La scène se déroule dans la chambre de la femme, éclairée par une bougie qui projette une lumière irréaliste sur les montants de marbre, les linteaux de la cheminée, le cadre du tableau. Les corps de la prostituée et du saint, qui vient de se jeter sur les braises, brillent également. Avec cette bougie, on dirait presque que Vouet a voulu lancer un défi idéal à son compatriote Bigot, dont la production manque de sujets où la torche éclaire un contexte dans lequel se déroule une action, qui, de plus, dans le tableau de San Lorenzo in Lucina, est tendue, serrée, commençant et finissant dans un temps très court. L’élan avec lequel François s’est jeté à terre est suggéré par la pose compliquée, avec le coude gauche appuyé sur le sol et la jambe opposée qui semble encore chercher une position confortable, ainsi que par son expression encore consternée. Il est nu, seul un voile couvre ses parties intimes. À l’arrière-plan, au-delà de la porte qui donne accès à la chambre, on aperçoit une silhouette: selon Crelly, il pourrait s’agir du diable en personne, contraint de constater “que son pouvoir est inefficace face à la chasteté de saint François”.
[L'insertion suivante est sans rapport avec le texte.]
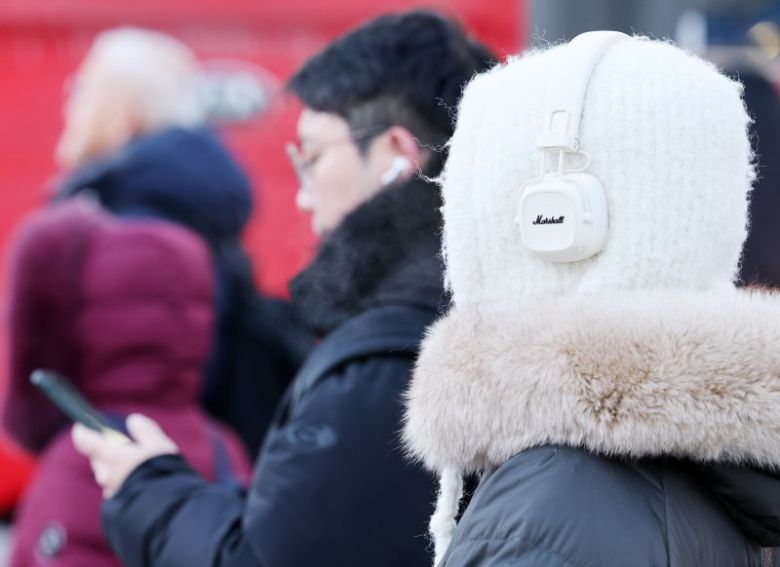 서울 아침 최저기온 영하 12도 등 전국에 한파가 찾아온 26일 오전 서울 종로구 세종대로 사거리에서 두꺼운 옷차림을 한 시민의 입에서 햐얀 입김이 나오고 있다. 뉴시스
Elle, en revanche, discrète, provocante, scintillante dans l’éblouissement de la lumière, est couverte d’un lourd manteau bordé de fourrure qui est déjà descendu de son épaule droite pour dévoiler son corsage, et sa pose, une citation presque littérale de la Salomé qui apparaît dans la Décapitation du Baptiste de Van Honthorst, peinte pour Santa Maria della Scala à Rome, semble presque communiquer les deux moments de l’histoire: lorsqu’elle soulève sa robe pour découvrir sa jambe, dans le but d’émoustiller le saint, elle est toujours la tentatrice qui veut plonger François dans le péché, mais le geste presque en arrière de son bras gauche est le premier mouvement d’étonnement devant le miracle qui se produit sous ses yeux et qui l’amènera à se convertir à la foi et à passer le reste de sa vie dans des œuvres de charité, comme le racontent les Fioretti. Elle est comme prise dans un moment où elle avance et recule en même temps, dans une sorte de danse imprégnée d’un érotisme subtil qui implique aussi le saint, surpris par Vouet au milieu de sa lutte pour réprimer ses pulsions.
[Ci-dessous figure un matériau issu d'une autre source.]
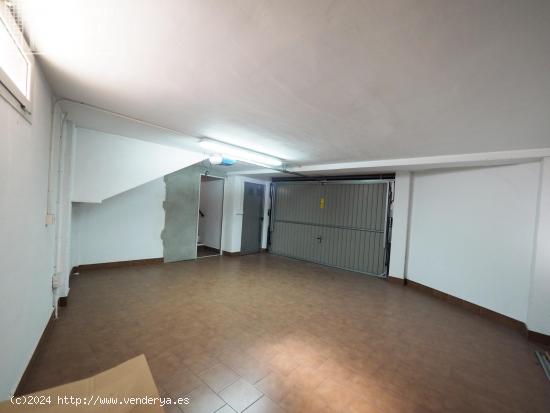 Vivienda totalmente amueblada junto a calle Oriente, de 3 dorm, garaje, patio y con ascensor. - CIUD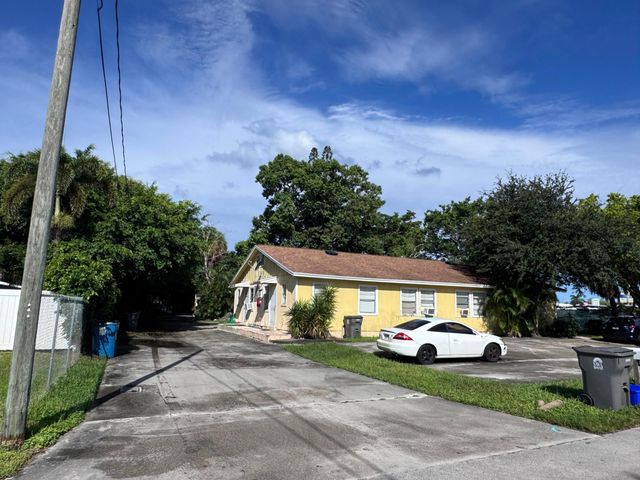 8975 Burma Road, West Palm Beach, FL 33403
De nombreux spécialistes ont souligné l’étrangeté de ce tableau: aucune peinture destinée à une église n’a probablement jamais été aussi audacieuse que la Tentation de Vouet, et aucune autre n’a peut-être jamais égalé ses intenses connotations érotiques. Anna Colombi Ferretti a écrit que le chef-d’œuvre de Vouet est un tableau “presque incroyable en tant que tableau d’église”, faisant référence à la toile portant un autre titre: Saint François tenté par la courtisane, qui a également été suggéré par Thuillier, comme un titre beaucoup plus précis que l’habituelle Tentation de Saint François. C’est aussi un titre plus complet: ce que Simon Vouet représente, c’est le choc des sens et de la foi en pleine action. En fait, il s’agit peut-être d’un moment où les sens l’emportent: le malaise du saint est encore perceptible, le tourment de son âme est encore bien visible, la prostituée n’a pas encore renoncé à son intention morbide d’unir sa chair à celle de François, la conscience du miracle qui s’est produit est encore dans sa première phase, instinctive.
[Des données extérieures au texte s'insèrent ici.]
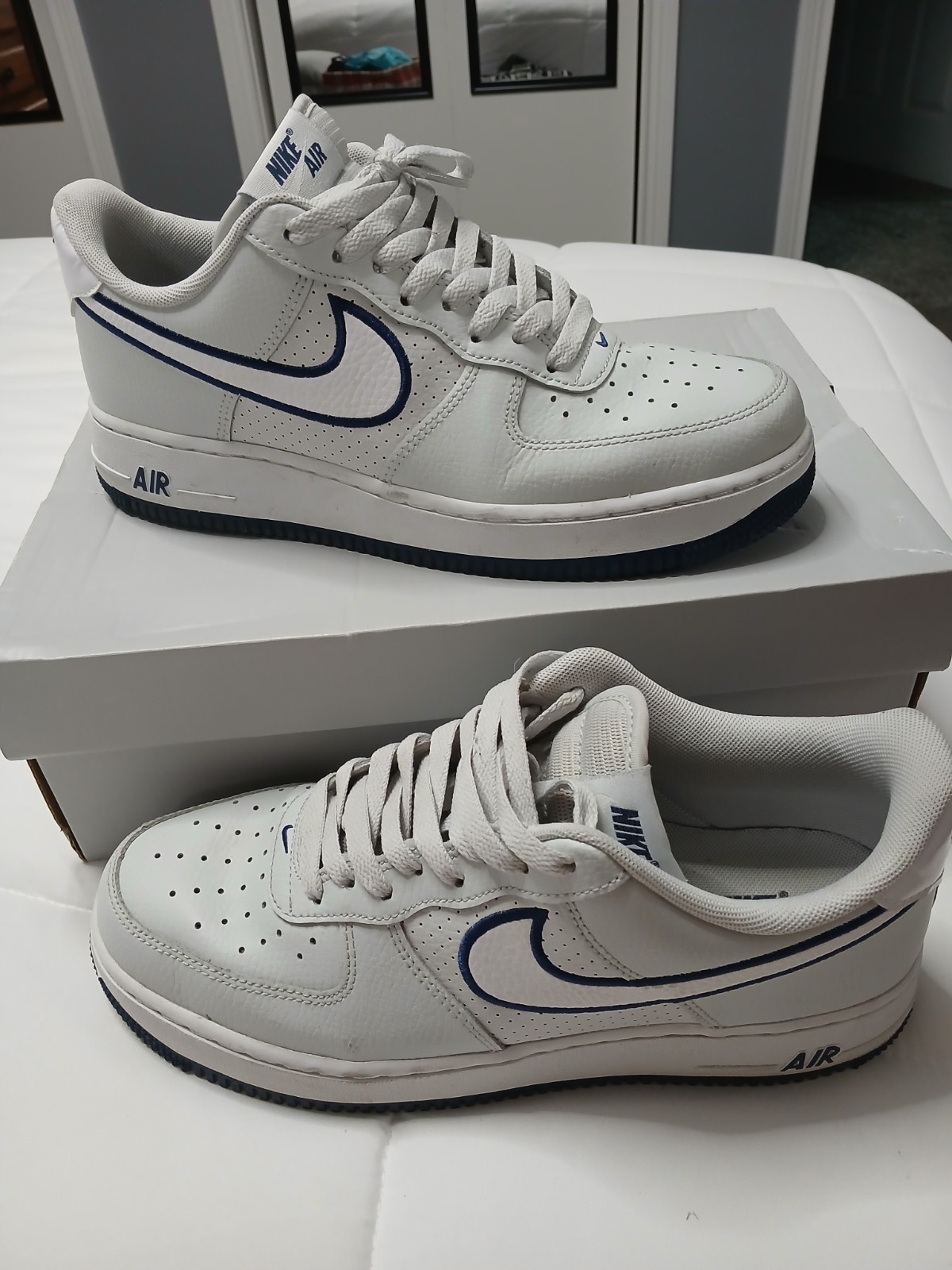 Size 9 Nike Air force 1 low Photon Dust/Midnight navy ..Nice Preowned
Mais la présence de ce tableau dans une église est justifiée, non seulement parce que le mouvement de cette délicate main féminine est le premier embryon de la conversion, mais aussi parce qu’en décrivant avec une telle vivacité quotidienne les difficultés du saint, Vouet veut sans doute montrer aux fidèles combien il est difficile de maîtriser les instincts et combien son chemin est semé d’embûches. Et pourtant, même face à cette possibilité facile et tangible de céder, il existe un moyen de ne pas se laisser submerger: c’est l’idée que le tableau devait suggérer aux fidèles du XVIIe siècle. Et pour la transmettre, la peinture sacrée de l’époque admettait également de telles scènes concrètes. Ce sont les raisons pour lesquelles nous pouvons aujourd’hui admirer à San Lorenzo in Lucina l’une des peintures les plus sensuelles jamais entrées dans une église.